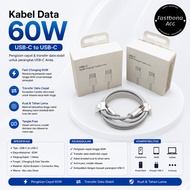 (Fast) 60W Type C to Type C PD Fast Charging 1 Meter Premium Data Charger Cable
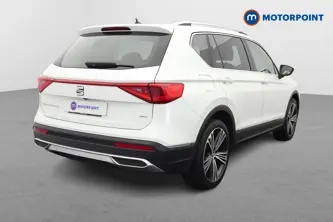 Seat Tarraco Xcellence Lux Automatic Diesel SUV - Stock Number (1620434) - Drivers side rear corner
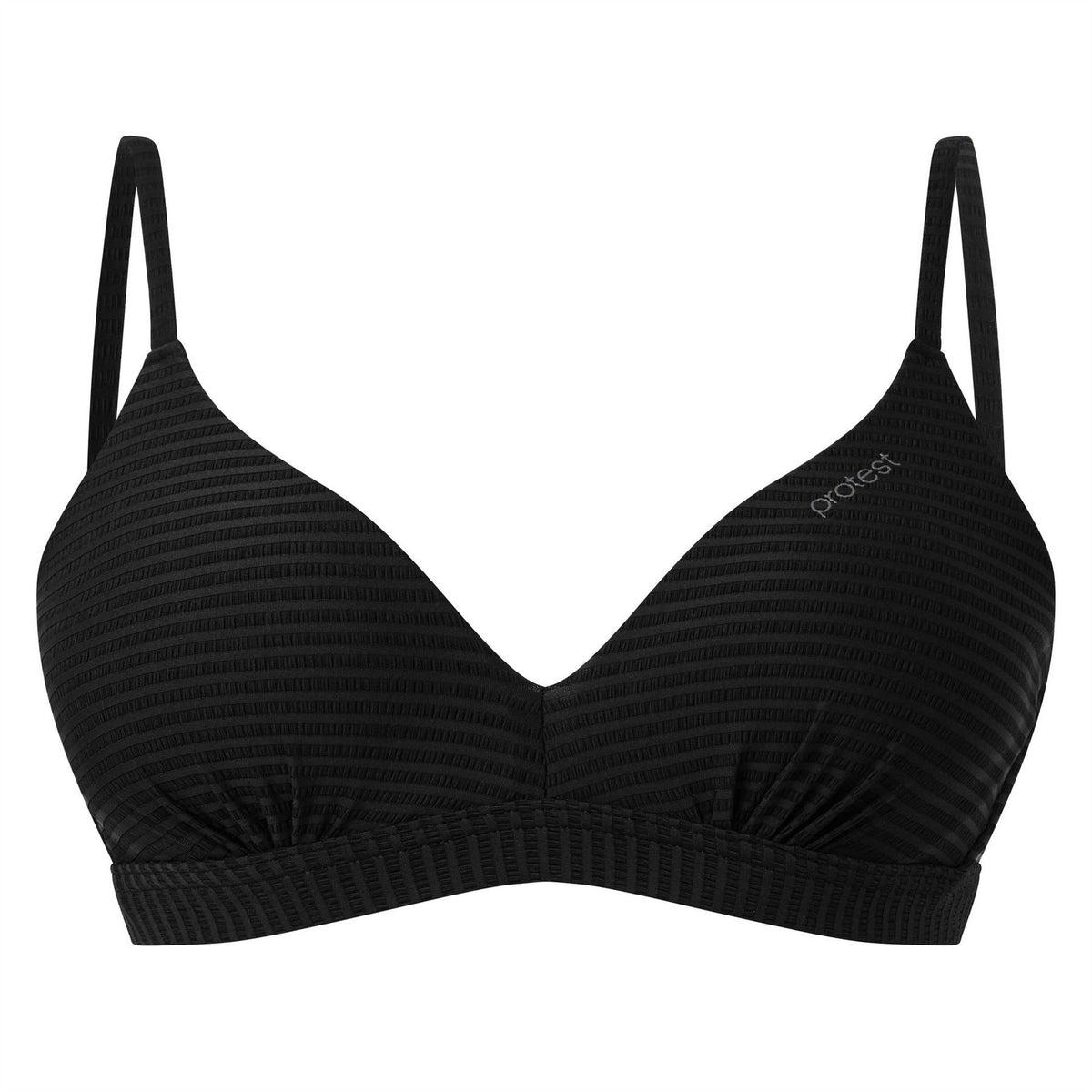 Protest Cameo Triangle Bikini Top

..........

## DESCRIPTION OF THE TASK
Starting at the line that holds "Seat Tarraco Xcellence" and stopping at the last line of the listing above, write out each line exactly as it appears, and omit the pictures.

## REPLY
 Seat Tarraco Xcellence Lux Automatic Diesel SUV - Stock Number (1620434) - Drivers side rear corner
 Protest Cameo Triangle Bikini Top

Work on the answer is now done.